A disadvantage that I see is that it is harder to view the data in its entirety. We are so used to seeing data in a tabular form. We cannot directly see what the table looks like in its column names, typical values, etc. Also, traditional methods of analysis rely on a tabular structure for input, so the data would have to be transformed before use in these methods. Finally, there is a lot of upfront work to convert data from the traditional tabular format into the key-value pair format. For example, to truly move the data from the flights database, I would need to do a massive join on the data to relate it inside the mongoDB database. Or I’d have to do a lot of work to translate it into JSON nested formats before inserting it into mongoDB. I suppose I would need to do more research on how people do this in practice.

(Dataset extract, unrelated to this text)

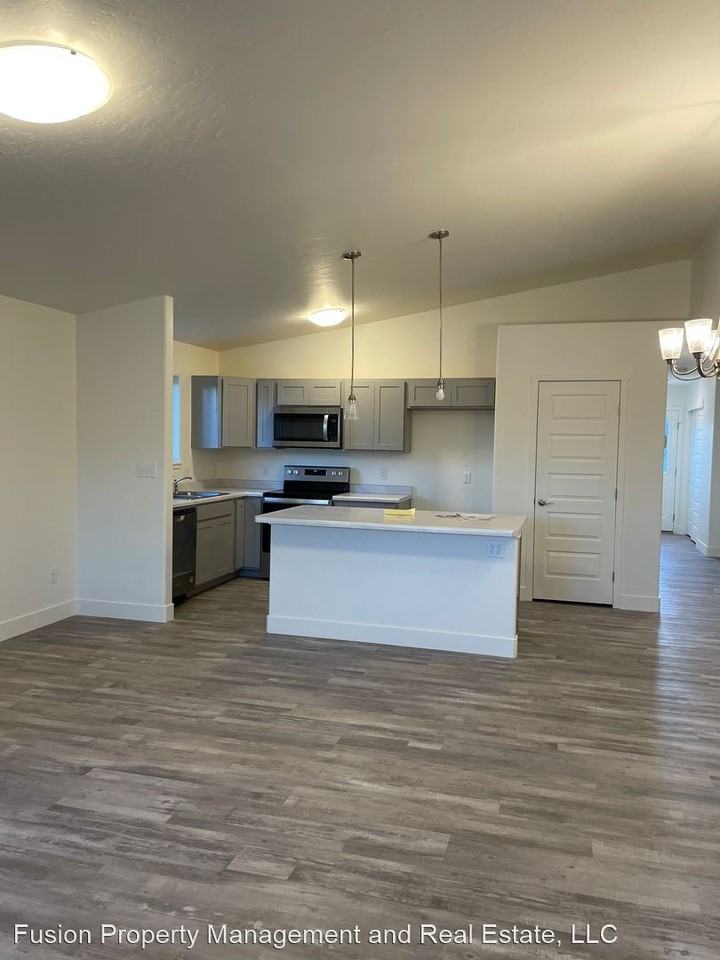 1105 Kiefer Ave - Photo 2 of 11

For me, this assignment was particular challenging because the data transformation from tabular data frames to JSON collections took quite a while to work bug free due to syntax and formating challenges. Furthermore, it took a while to figure out the mapping of relational database terms to mongoDB terms (e.g., tables -> collection, row -> document). It would be nice if similar concepts could use similar names across all data storage systems.
Overall, I think the challenges I faced are more a reflection on my unfamiliarty with this style of data storage. With time and practice, I am sure these NoSQL concepts and methods of data storage and retrieval would become as intuitive and easy as the traditional SQL/tabular methods I am used to.